→ **TASK TO CARRY OUT**:
All that is needed is the first stretch of the listing below, repeated exactly and ending with the line that contains "Victorian style ivory". Pictures are to be left out.

→ **LISTED ENTRIES**:
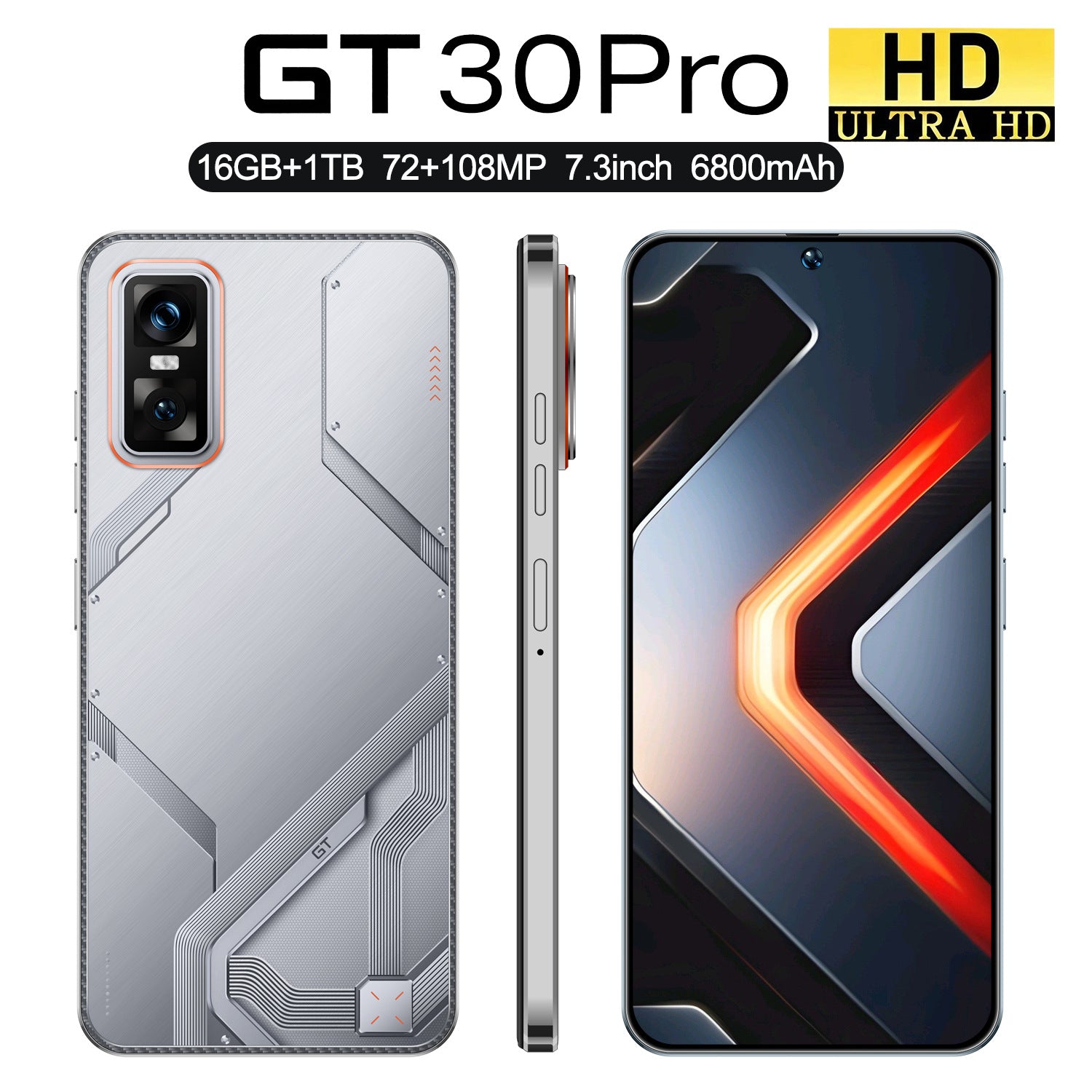 Popular GT 30 Pro Mobile Phone16+1TB Android7.3Inch Large Screen Hot Selling on AliExpress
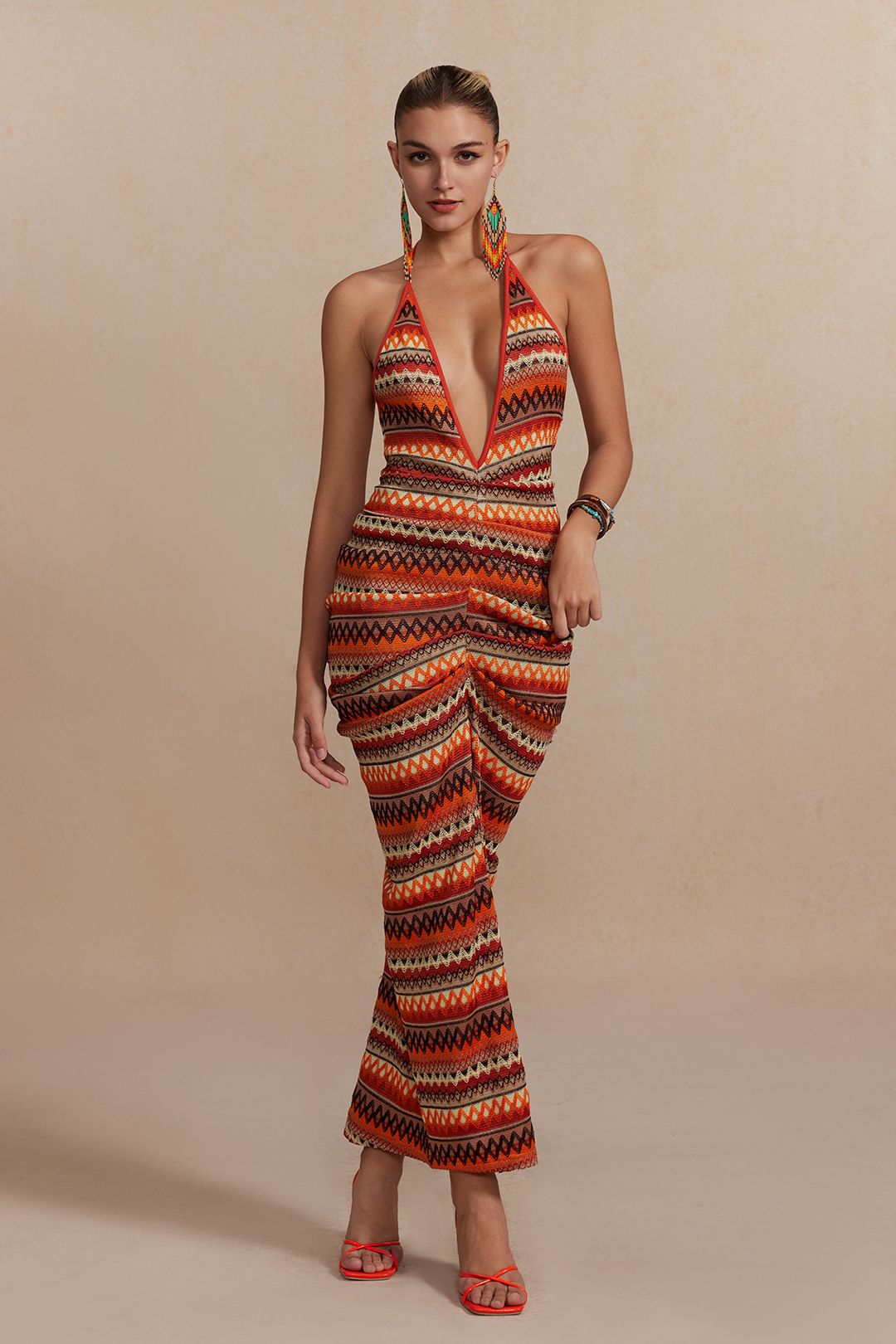 Zigzag Stripe Halter Backless Knit Maxi Dress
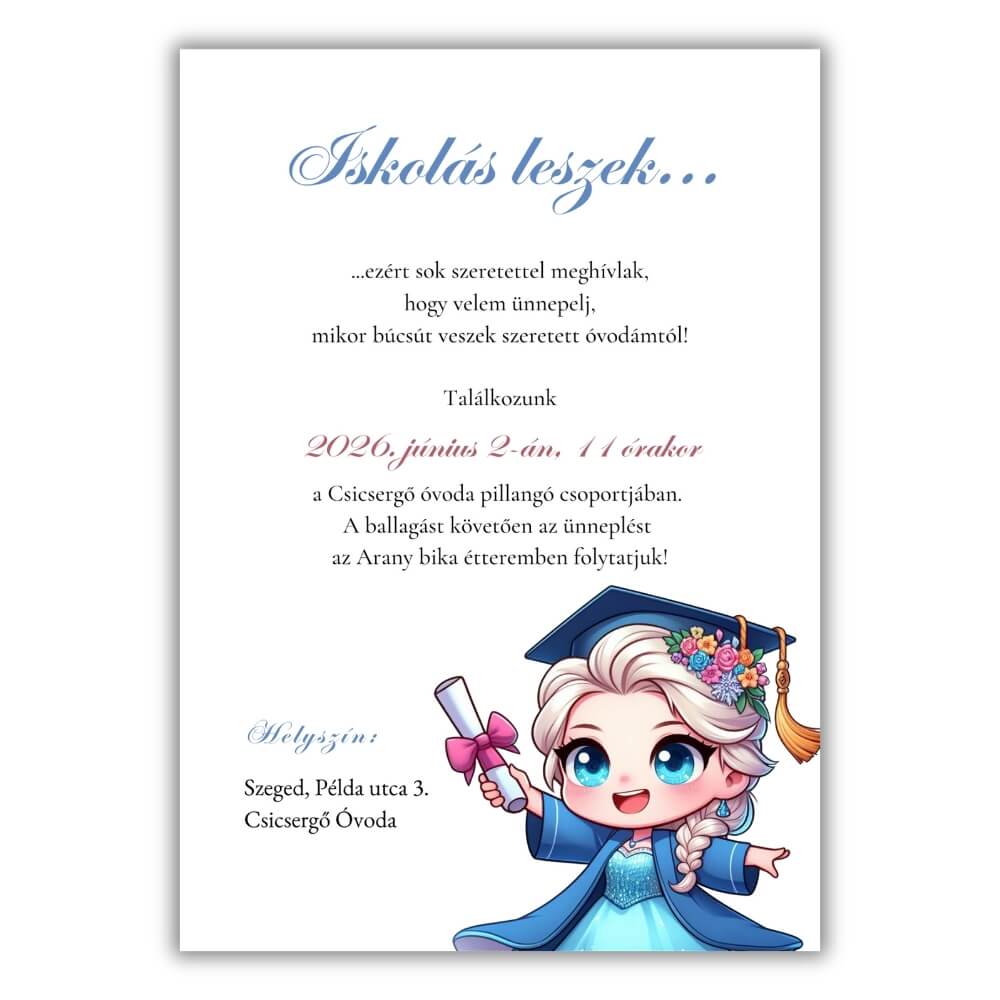elzás ballagasi-meghivo-lanyoknak-grafika Ballagó sapkás, kék ruhás Jégvarázsos illusztráció egy "Iskolás leszek" feliratú óvodai ballagási meghívón.
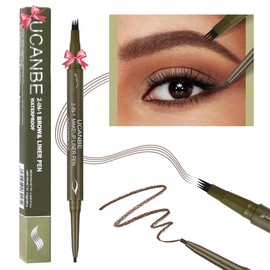 UCANBE Eyebrow Pen, Dual-Ended Eyebrow Pencil with 4-Fork-Tip & Gel Eyeliner for Women, Eye Brow Pen with Gel Eyeliner Pencil, Microblading Eyebrow Pencils with Hair Like Strokes, Light Brown Cosmetic Makeup:_Dark Brown_2PCS
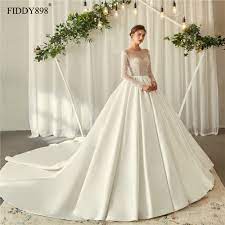 Victorian style ivory satin wedding dresses 2021 ball gown square neckline bell sleeves backless royal train wedding. 2020 Vintage Wedding Dresses Long Sleeve Scoop Satin Ball Gown Wedding Gown Luxury Crystal Bridal Gown Robe De Mariage Wedding Dresses Aliexpress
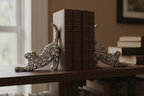 Carrara White Voronoi cat bookends on shelf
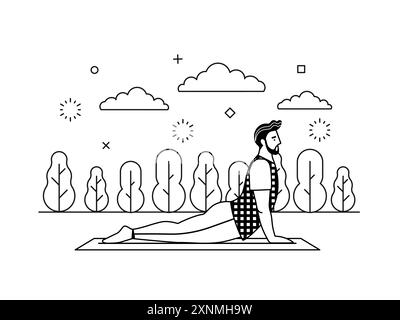 Homme barbu faisant du yoga sur City Park dans Line Art Illustration de Vecteur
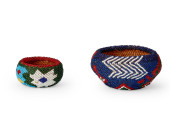 TWO PAIUTE POLYCHROME BEADED G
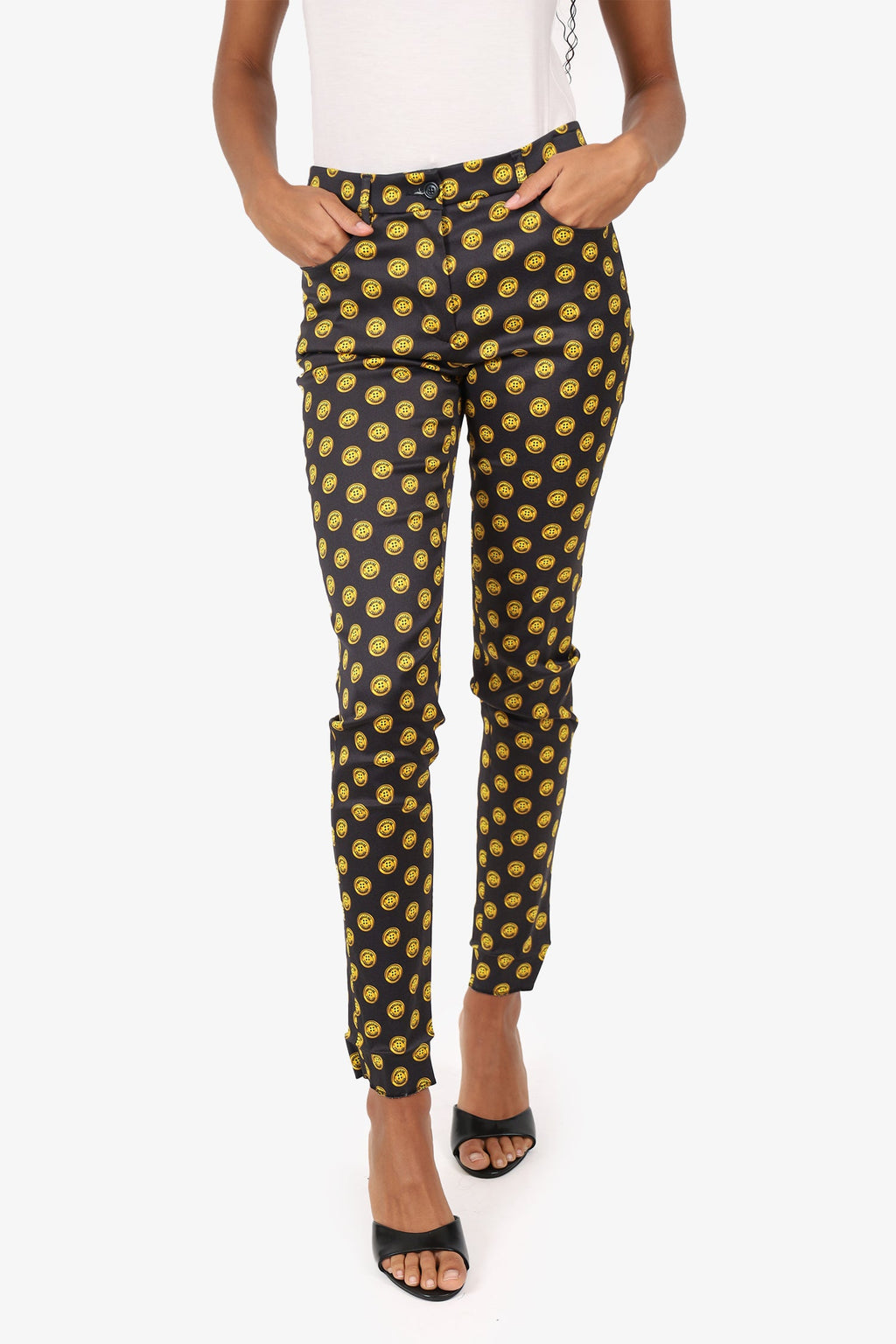 Moschino Couture Black/Yellow Button Print Straight Leg Trousers Size 6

→ **YOUR RESPONSE**:
 Popular GT 30 Pro Mobile Phone16+1TB Android7.3Inch Large Screen Hot Selling on AliExpress
 Zigzag Stripe Halter Backless Knit Maxi Dress
elzás ballagasi-meghivo-lanyoknak-grafika Ballagó sapkás, kék ruhás Jégvarázsos illusztráció egy "Iskolás leszek" feliratú óvodai ballagási meghívón.
 UCANBE Eyebrow Pen, Dual-Ended Eyebrow Pencil with 4-Fork-Tip & Gel Eyeliner for Women, Eye Brow Pen with Gel Eyeliner Pencil, Microblading Eyebrow Pencils with Hair Like Strokes, Light Brown Cosmetic Makeup:_Dark Brown_2PCS
 Victorian style ivory satin wedding dresses 2021 ball gown square neckline bell sleeves backless royal train wedding. 2020 Vintage Wedding Dresses Long Sleeve Scoop Satin Ball Gown Wedding Gown Luxury Crystal Bridal Gown Robe De Mariage Wedding Dresses Aliexpress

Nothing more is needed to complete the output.